Kamal Boullata - Addolcendo 7, 2015. Aquarell, Gouache & Kreide auf Papier. 25,5 x 25,5 cm. © 2019 Meem Gallery.
Linien und Licht
Im Laufe der Zeit gab Boullata die Verwendung von Text in seinen Werken auf, da er erkannte, dass er keine Worte und Buchstaben benötigte, um seinen abstrakten Kompositionen Bedeutung zu verleihen. Stattdessen konzentrierte er sich darauf, Licht innerhalb der Oberflächen seiner Kompositionen auszudrücken. Manchmal rief er Licht durch die Verwendung kühlerer Farbtöne wie Gelb und Blau hervor. Andere Male schuf er das Gefühl von Licht, indem er dünne Linien in Rot oder Lila um den Rand sanfter Farbflächen mobilisierte und die Grenzen durch die dynamischen Farbbeziehungen aktivierte. Solche Kompositionen neigen dazu, optische Illusionen zu erzeugen, wie in der Tradition der Op Art, aber Boullata versuchte nicht, mit seinen Kompositionen Spektakel zu schaffen. Er strebte nach etwas viel Persönlicherem. Er sagte, dass das Licht, das er in seinen Gemälden zu finden versuchte, immer dasselbe Licht war, an das er sich als Kind erinnerte, als er in Jerusalem aufwuchs – dieses "palästinensische Licht."

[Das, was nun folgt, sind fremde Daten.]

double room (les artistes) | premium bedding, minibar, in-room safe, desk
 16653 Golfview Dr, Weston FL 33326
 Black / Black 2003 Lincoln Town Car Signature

Kamal Boullata - Addolcendo 4, 2015. Aquarell & Kreide auf Papier. 25,5 x 25,5 cm. © 2019 Meem Gallery.
Durch das Vorantreiben palästinensischer künstlerischer Traditionen in neue visuelle Bereiche fügte Boullata der Gestalt der palästinensischen Kunst neue Schichten und Bedeutungen hinzu. Ob in seinen Schriften oder seiner visuellen Kunst, ein Thema, das immer zentral für die Arbeit von Boullata war, war der Begriff des Hier und Jetzt – eine Idee, die durch das arabische Wort al-yawm, was heute bedeutet, zusammengefasst wird. Obwohl er sich der Dokumentation des Fortschritts der palästinensischen Kunst im Laufe der Geschichte widmete, war er mehr daran interessiert, was als Nächstes für seine Kultur kommen wird. Diese aspirative Vision strahlte in seinem neuesten Werk – einer Reihe von hellen, leuchtenden, scharfwinkligen Kompositionen, die zu strahlen scheinen – hindurch. Die Aufregung des futuristischen Dynamismus mit dem transzendenten Glanz von Buntglasfenstern zu verbinden, zeigen diese kraftvollen Werke einen Künstler, der im Alter an die Spitze seiner Kräfte gelangte. In jüngsten Interviews mit Boullata schien er tatsächlich begeistert und optimistisch über das, was ihm bevorstand. Seine Freunde und Bekannten kannten ihn als lebhaft und jugendlich, und viele äußerten Überraschung über sein unerwartetes Ableben. Der Ausbruch von Erinnerungen bringt jedoch zumindest viel Aufmerksamkeit auf die Arbeit dieses Künstlers, der außerhalb seines relativ kleinen Kreises von Bewunderern in der nicht-arabischen Welt nicht weit bekannt war – ein Geschenk für unzählige Kunstliebhaber, die jetzt einen unterbewerteten Meister unserer Zeit entdecken.
Vorschaubild: Kamal Boullata - Bilqis 2, 2013. Acryl auf Leinwand. 120 x 328 cm. © 2019 Meem Gallery.
Alle Bilder dienen nur zu Illustrationszwecken.